Why such harsh machinery? Why, to write down the stuff and people of everyday, must poems be dressed up in gold, or in old and fearful stone?
I want verses of felt or feather which scarcely weigh, mild verses with the intimacy of beds where people have loved and dreamed. I want poems stained by hands and everydayness.
Verses of pastry which melt into milk and sugar in the mouth, air and water to drink, the bites and kisses of love. I long for eatable sonnets, poems of honey and flour.
Vanity keeps prodding us to lift ourselves skyward or to make deep and useless tunnels underground. So we forget the joyous love-needs of our bodies. We forget about pastries. We are not feeding the world.
In Madras a long time since, I saw a sugary pyramid, a tower of confectionery - one level after another, and in the construction, rubies, and other blushing delights, medieval and yellow.
Someone dirtied his hands to cook up so much sweetness.
Brother poets from here and there, from earth and sky, from Medellin, from Veracruz, Abyssinia, Antofagasta, do you know the recipe for honeycombs?
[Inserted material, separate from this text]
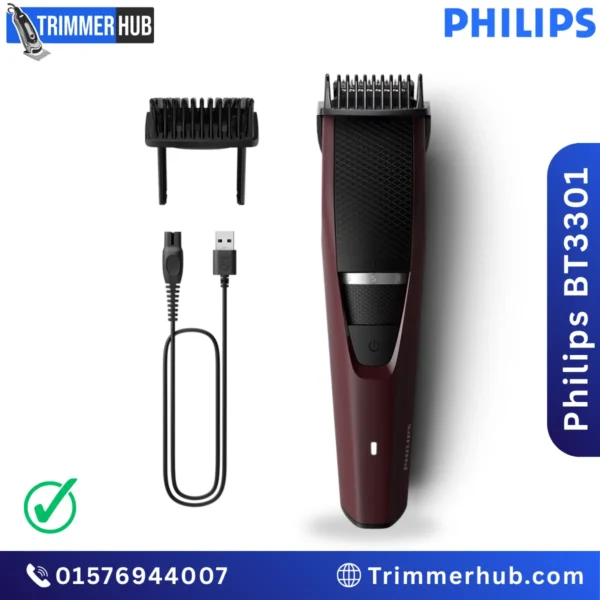 Philips BT3301/30 Beard Trimmer Series 3000 | USB Charging, Lift & Trim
Let's forget about all that stone.
Let your poetry fill up the equinoctial pastry shop our mouths long to devour - all the children's mouths and the poor adults' also. Don't go on without seeing, relishing, understanding all these hearts of sugar.
Don't be afraid of sweetness.
With or without us, sweetness will go on living and is infinitely alive, forever being revived, for it's in a man's mouth, whether he's eating or singing, that sweetness has its place.